Below are the entries; count how many lines contain the word "Jamie" and reply with that number alone.

┄┄┄┄┄┄

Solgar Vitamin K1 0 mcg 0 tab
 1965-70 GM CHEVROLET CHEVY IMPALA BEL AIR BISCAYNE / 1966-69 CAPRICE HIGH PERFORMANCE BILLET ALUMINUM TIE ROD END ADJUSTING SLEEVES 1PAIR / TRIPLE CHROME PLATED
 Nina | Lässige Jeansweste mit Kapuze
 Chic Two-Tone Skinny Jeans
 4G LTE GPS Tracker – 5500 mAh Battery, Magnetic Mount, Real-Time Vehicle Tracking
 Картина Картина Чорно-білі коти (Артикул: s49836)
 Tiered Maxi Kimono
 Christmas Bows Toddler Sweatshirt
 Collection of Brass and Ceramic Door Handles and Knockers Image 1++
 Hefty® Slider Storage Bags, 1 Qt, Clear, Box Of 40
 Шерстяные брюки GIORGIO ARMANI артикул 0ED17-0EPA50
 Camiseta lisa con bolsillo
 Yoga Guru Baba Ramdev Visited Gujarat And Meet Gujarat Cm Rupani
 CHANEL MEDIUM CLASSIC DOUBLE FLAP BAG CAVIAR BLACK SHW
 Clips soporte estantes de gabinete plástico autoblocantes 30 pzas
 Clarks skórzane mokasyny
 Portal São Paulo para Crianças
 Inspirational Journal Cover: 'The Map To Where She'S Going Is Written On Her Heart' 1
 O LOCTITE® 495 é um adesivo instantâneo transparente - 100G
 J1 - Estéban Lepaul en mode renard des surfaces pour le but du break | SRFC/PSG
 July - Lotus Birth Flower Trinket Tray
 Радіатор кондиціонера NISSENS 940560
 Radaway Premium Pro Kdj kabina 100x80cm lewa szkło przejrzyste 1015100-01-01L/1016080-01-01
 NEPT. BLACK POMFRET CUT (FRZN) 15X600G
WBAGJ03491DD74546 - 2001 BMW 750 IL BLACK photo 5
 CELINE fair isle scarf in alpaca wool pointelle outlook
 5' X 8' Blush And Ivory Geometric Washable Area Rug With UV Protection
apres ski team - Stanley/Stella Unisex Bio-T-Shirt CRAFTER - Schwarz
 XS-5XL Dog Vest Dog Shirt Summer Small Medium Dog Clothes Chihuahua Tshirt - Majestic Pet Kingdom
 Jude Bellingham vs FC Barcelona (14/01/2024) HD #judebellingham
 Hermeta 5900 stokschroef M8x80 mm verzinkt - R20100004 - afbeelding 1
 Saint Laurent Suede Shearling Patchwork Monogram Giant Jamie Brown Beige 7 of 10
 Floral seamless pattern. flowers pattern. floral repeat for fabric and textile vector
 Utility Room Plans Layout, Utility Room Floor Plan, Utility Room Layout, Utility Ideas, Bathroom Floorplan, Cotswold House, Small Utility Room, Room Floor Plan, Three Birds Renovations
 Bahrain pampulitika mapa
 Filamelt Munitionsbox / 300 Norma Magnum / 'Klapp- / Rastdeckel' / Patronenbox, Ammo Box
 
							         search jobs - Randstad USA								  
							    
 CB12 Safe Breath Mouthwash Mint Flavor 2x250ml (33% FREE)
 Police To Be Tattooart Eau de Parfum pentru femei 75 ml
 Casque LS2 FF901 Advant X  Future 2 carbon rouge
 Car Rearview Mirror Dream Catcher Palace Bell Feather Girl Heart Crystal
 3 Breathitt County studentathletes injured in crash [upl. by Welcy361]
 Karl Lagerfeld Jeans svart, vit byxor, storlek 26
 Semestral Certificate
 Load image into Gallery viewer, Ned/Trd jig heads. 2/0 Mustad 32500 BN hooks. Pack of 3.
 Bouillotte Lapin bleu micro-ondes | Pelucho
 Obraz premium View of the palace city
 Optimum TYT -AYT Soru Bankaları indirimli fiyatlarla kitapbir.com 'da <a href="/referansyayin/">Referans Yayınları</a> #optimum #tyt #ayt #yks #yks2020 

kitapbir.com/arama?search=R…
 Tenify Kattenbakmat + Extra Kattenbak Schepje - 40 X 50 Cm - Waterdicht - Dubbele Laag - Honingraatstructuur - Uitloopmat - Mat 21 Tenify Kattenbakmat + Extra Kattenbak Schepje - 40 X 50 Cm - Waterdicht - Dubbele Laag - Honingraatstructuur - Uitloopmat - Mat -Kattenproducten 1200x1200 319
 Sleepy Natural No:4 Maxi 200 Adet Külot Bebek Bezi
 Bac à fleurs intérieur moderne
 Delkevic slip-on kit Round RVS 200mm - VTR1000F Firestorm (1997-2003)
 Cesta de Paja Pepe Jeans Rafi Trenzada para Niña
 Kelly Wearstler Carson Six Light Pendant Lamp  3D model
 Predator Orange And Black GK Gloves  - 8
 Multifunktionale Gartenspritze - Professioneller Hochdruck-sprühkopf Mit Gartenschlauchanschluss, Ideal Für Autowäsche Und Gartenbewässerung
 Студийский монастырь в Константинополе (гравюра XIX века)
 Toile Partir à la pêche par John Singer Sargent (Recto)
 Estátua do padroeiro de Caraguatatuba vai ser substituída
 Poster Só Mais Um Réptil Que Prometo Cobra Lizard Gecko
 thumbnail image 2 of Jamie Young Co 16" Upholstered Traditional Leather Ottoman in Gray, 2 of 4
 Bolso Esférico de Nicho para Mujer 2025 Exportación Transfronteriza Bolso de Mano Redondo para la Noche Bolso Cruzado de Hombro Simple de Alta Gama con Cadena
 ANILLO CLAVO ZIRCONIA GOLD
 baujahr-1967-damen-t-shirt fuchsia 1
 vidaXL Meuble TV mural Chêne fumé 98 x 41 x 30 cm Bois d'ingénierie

┄┄┄┄┄┄

* [Solution to this exercise] 2